ALL Metrics
-
Views
-
Downloads
Get PDF
Get XML
Cite
Export
Track
Research Article

Architecture of the superintegron in Vibrio cholerae: identification of core and unique genes

[version 1; peer review: 2 approved, 1 approved with reservations]
PUBLISHED 27 Feb 2013
Author details Author details
OPEN PEER REVIEW
REVIEWER STATUS

Abstract

Background: Vibrio cholerae, the etiologic agent of cholera, is indigenous to aquatic environments. The V. cholerae genome consists of two chromosomes; the smallest of these harbors a large gene capture and excision system called the superintegron (SI), of ~120 kbp. The flexible nature of the SI that results from gene cassette capture, deletion and rearrangement is thought to make it a hotspot of V. cholerae diversity, but beyond the basic structure it is not clear if there is a core genome in the SI and if so how it is structured. The aim of this study was to explore the core genome structure and the differences in gene content among strains of V. cholerae.
Methods: From the complete genomes of seven V. cholerae and one Vibrio mimicus representative strains, we recovered the SI sequences based on the locations of the structural gene IntI4 and the V. cholerae repeats. Analysis of the pangenome, including cluster analysis of functional genes, pangenome profile analysis, genetic variation analysis of functional genes, strain evolution analysis and function enrichment analysis of gene clusters, was performed using a pangenome analysis pipeline in addition to the R scripts, splitsTree4 and genoPlotR.
Results and conclusions: Here, we reveal the genetic architecture of the V. cholerae SI. It contains eight core genes when V. mimicus is included and 21 core genes when only V. cholerae strains are considered; many of them are present in several copies. The V. cholerae SI has an open pangenome, which means that V. cholerae may be able to import new gene cassettes to SI. The set of dispensable SI genes is influenced by the niche and type species. The core genes are distributed along the SI, apparently without a position effect.

Keywords

Vibrio cholerae, superintegron, core genes, unique genes

Introduction

Vibrio cholerae is a diverse, environmental, gram-negative bacterial species that can be pathogenic and can cause cholera, a severe diarrheal disease that occurs most frequently in epidemic form1,2. The V. cholerae genome consists of two chromosomes. The largest chromosome of 2.96 Mbp encodes most essential genes. The 1.07 Mbp small chromosome contains few essential genes and the superintegron (SI), a large gene capture and excision system of ~120 kbp2 (Figure 1).

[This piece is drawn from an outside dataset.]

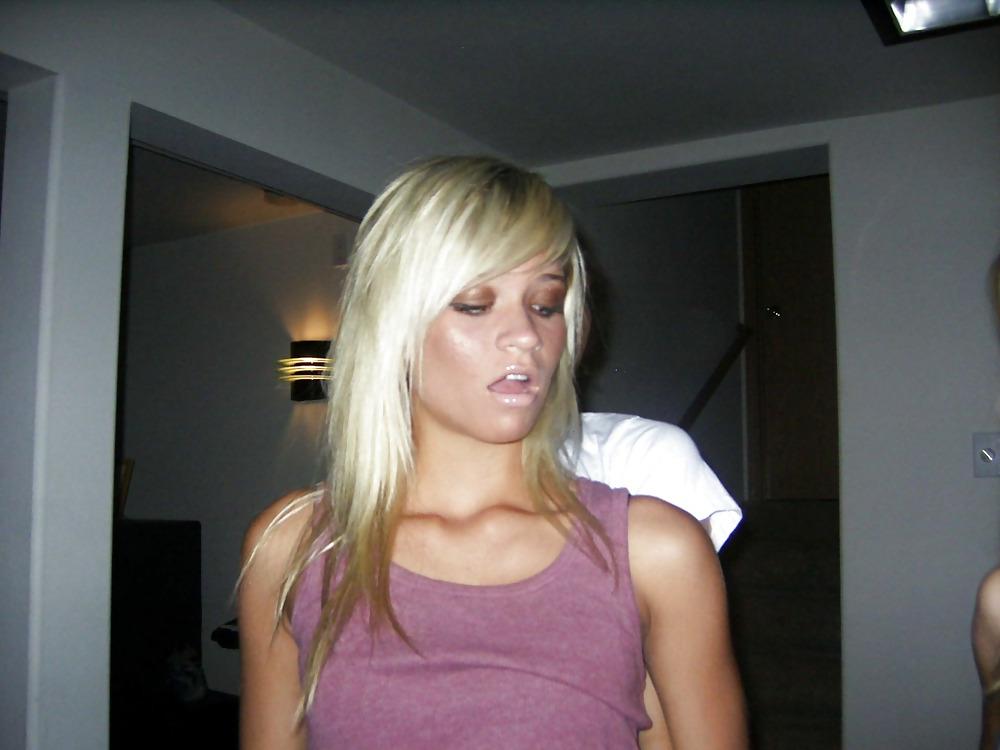 25P Stohlen pix from an American college beauty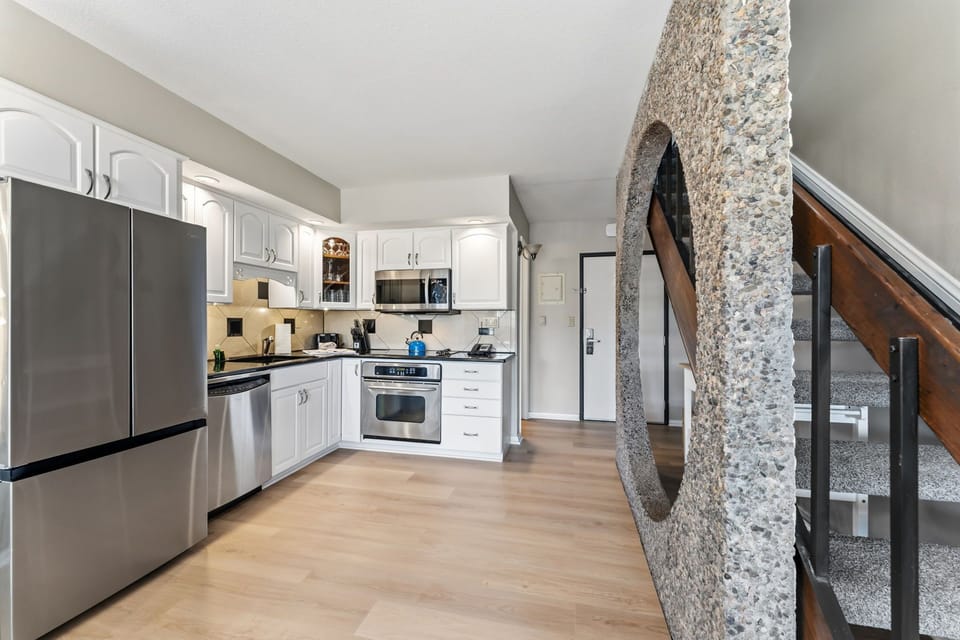 Kitchen Full View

The SI is characterized by a site-specific integrase gene (IntI4) closely associated with a cognate recombination site attI and a promoter Pc followed by a large array of gene cassettes. Within the SI, the gene cassettes generally consist of a promoterless open reading frame (ORF) flanked by two recombination sites termed V. cholerae repeats (VCRs)3. Cassettes can be excised from any position in the array through VCR × VCR recombination mediated by the integrase. The resulting circular intermediate can then be integrated, preferentially through attI × VCR recombination by the integrase, bringing the cassette under control of Pc4,5. Since gene cassettes are usually promoterless, only the first few cassettes are expressed by Pc and the rest of the array can be seen as a reservoir of standing genetic variation5.

2ee9b1a5-020e-4bde-bd25-d1de78d31e04_figure1.gif

Figure 1. Schematic organization of the Vibrio cholerae genome and the superintegron (SI).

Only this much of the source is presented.